Üniversiteden çok burası benim için gerçek bir okuldu aslında, hayatın içinde çok şey öğrendim. Mezun oldum, önceleri kendi sektörümde iş aradım ama buranın manevi yönü ağır bastı, babam da uzun yıllar burada resepsiyonda çalıştı ve rahmetlik oldu. Ortam ise tam bir aile ortamı, bu yönleri ağır basınca kendi sektörümde iş aramayı bıraktım, sekiz yıldır buradayım. Bar, restoran ve kafe bölümlerinde garson olarak çalışıyorum. İlk iş deneyim burada oldu, hala buradayım.  Bu sektöre, bu işyerine girdiğim için hiç pişman olmadım. 
Çok güzel anılar biriktiriyoruz; Mr. Baran adında bir misafirimiz vardı, her yıl buraya geliyordu, gırtlak kanseri olmuş, buraya geldi ve bize iki aylık ömrü kaldığını söyledi, bizimle, gerçek, içten ve samimi insanların arasında ömrümün geriye kalanını geçirmek istiyorum demişti, sonra ülkesine döndü ve vefat haberini aldık…" 

Timuçin Karacamert: 
“Sektörde sendikalaşma olur, çalışan alın terinin karşılığını alırsa o zaman yerli istihdam da artar”

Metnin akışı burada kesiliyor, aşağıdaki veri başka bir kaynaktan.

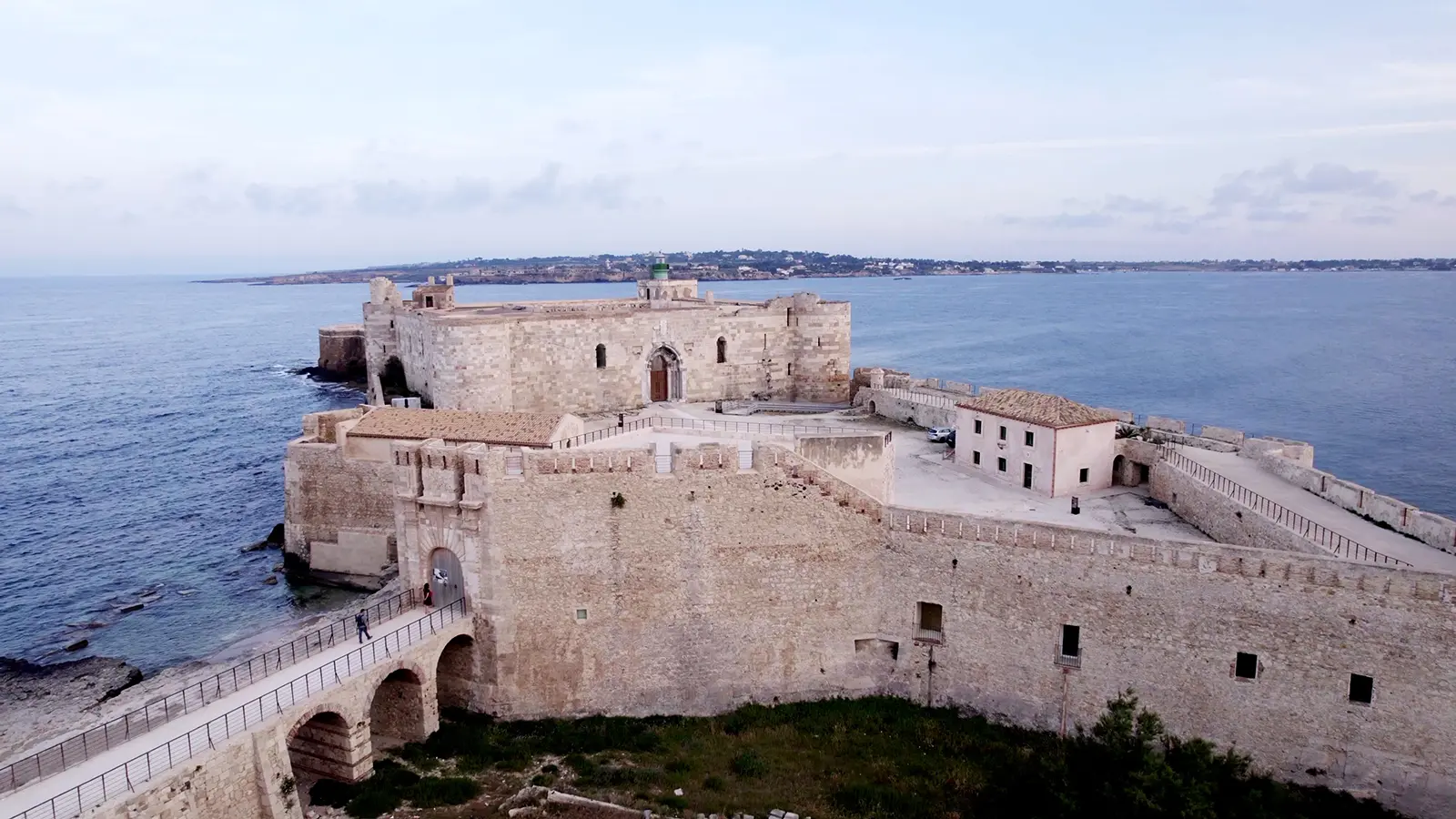 Aerial view of Maniace Castle on rocky seafront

“1992 yılında Haydarpaşa'nın turizm e otelcilik bölümünden mezun olunca buraya başladım. Barda ilk olarak staj yapıyordum, yaz döneminde de akşamları yine barda görev alıyordum, birçok yerden geçtim. Staj yaptığım dönemler bitince göreve başladım ardından askere gitmek için görevimden ayrılmam gerekiyordu. Beni Beyaz Ev’e garson olarak görevlendirdiler, orada da mesleğimi yapmama yardımcı oldular, askerliğimi bitirince yeniden buraya geldim. 1992 yılında adım adım yükselerek satın alma direktörlüğüne dek yükseldim. Otelin her köşesinde alın terim var... Buradaki başarı sekiz saatte sınırlı değil, iş dışında da ailece görüşüyoruz, tüm çalışanlar aile gibidir. “Dome is Home” sadece misafirlere olan yaklaşımımız değil, tüm bunlardır... 
Bu sektöre yönelen gençler, bölümü iş ola mı okuyor yoksa mesleği yapmak içinde mi var irdelemek gerek.
Sendikalı bir işte çalışmanın güzelliklerini ben burada çalışmaya başlayınca anladım. Bu sektörde sendikalaşma olursa ve çalışan alın terinin karşılığını alırsa o zaman yerli istihdam da artar. Yapılması gereken tek şey burdur.
Turizm vardiya olan bir sektördür, herkes tatilken biz çalışıyoruz, bu mesleğin en acı yanı da bu ama bunu kabul edip çalışmak gerek. Beni en çok üzen en yakın arkadaşlarımın dahi düğünlerine katılmamak oldu ama işim bu… Bu yüzdendir ki yerli halk bu mesleği tercih etmiyor, keşke etse." 

Hakan Babacan:
“Sektörde çalışacak yerli bulamıyoruz deniliyor ama biz buluyoruz, çünkü sendikalı çalışıyoruz”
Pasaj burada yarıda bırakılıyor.